Red Reign (M2091 Sizes: 4-12 and 12-20) This latest design from Ichigo Black is a simple corset and quirky one-sleeved bolero, over a gathered high-low skirt with short hoop support. The crown is not included. It’s a versatile pattern with more options than they illustrate. You can cherry pick sleeve bits to make your own look. You can make them the same or not, with puff or without, with ruffle or without. You can swap the ruffle and the sleeve cap if you want. Just pull the pieces you like and put them together. Try as I might, I can’t find a pattern piece for that cap sleeve under the wing sleeve on the bare right arm, so I don’t know what that is. The available pieces are right sleeve, sleeve puff, upper sleeve (goes under the puff portion to support the puff), lower sleeve, and sleeve ruffle.
The applique on the back is a bat, but there is so much trim down the center back that it’s hard to see. Add in that the center back also laces up, and the identifiable bat shape gets lost altogether. The corset has five pattern pieces. It laces in the back and is without a busk. The skirt has three pattern pieces. The hoop is straightforward, and simple to make.
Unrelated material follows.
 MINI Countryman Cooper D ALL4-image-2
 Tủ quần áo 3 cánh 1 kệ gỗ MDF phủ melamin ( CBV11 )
This pattern is meant to get you out-of-the box and open to using many different kinds of fabrics in your work. It’s a great way to add interest and texture. The pattern tips help you choose needles that will help you sew this wider selection of fabrics.
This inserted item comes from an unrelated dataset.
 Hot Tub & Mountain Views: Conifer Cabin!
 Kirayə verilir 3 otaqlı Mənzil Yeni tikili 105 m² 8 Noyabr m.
Cloak: Phantasy (M2092, sizes S-M and L-XL) is an inspired set of cloaks that are worthy of the purchase of an actual pattern. For the most part, not a soul needs a pattern to make a cloak. Most of us have been making them from towels since we could walk. These, however, are not just square pieces sewn together. These have an actual shape.
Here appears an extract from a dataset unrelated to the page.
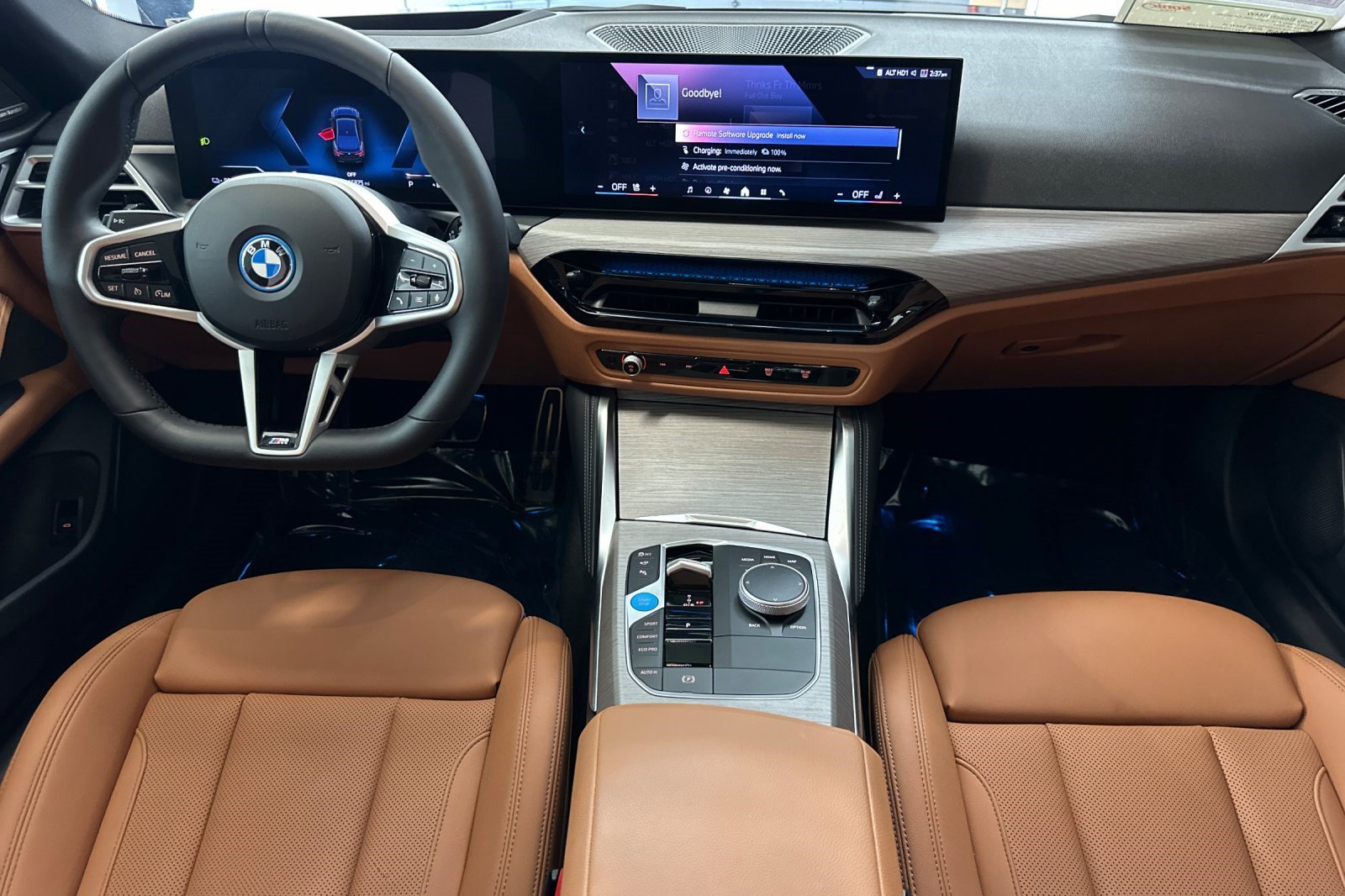 Certified 2025 BMW i4 eDrive40 w/ M Sport Package RWD image 27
View A is set on a pretty nice neck corset that you could use on its own. The cloak is reminiscent of an art deco cocoon coat, leaning hard toward elvish. The sample garment on the envelope is not showing the pattern to its best effect. The pattern pieces are not just rectangles gathered onto the neck corset. They are gracefully shaped. The fabric choice does not show this well. I’d love to see this in a softer, floatier silk habotai—perhaps hand painted— with the neck corset in an underlined gold lamé. In short, it’s not your basic cloak.
View B suffers from a poor photo shoot. Don’t let the picture fool you. The vest-front piece is not just a flat piece with shirring on top, as it appears. If you look at the picture closely, you will see that it’s been laced too tightly so it’s pulling at the bottom waistband and it’s not fitting over the bust. An examination of the pattern pieces shows that there is indeed a shaped bust, and if there had not been an attempt to lace the front closed it would not be gaping at the sides. Granted, this is a size XL on a size 10 form, but it’s clear that there is a bust shape.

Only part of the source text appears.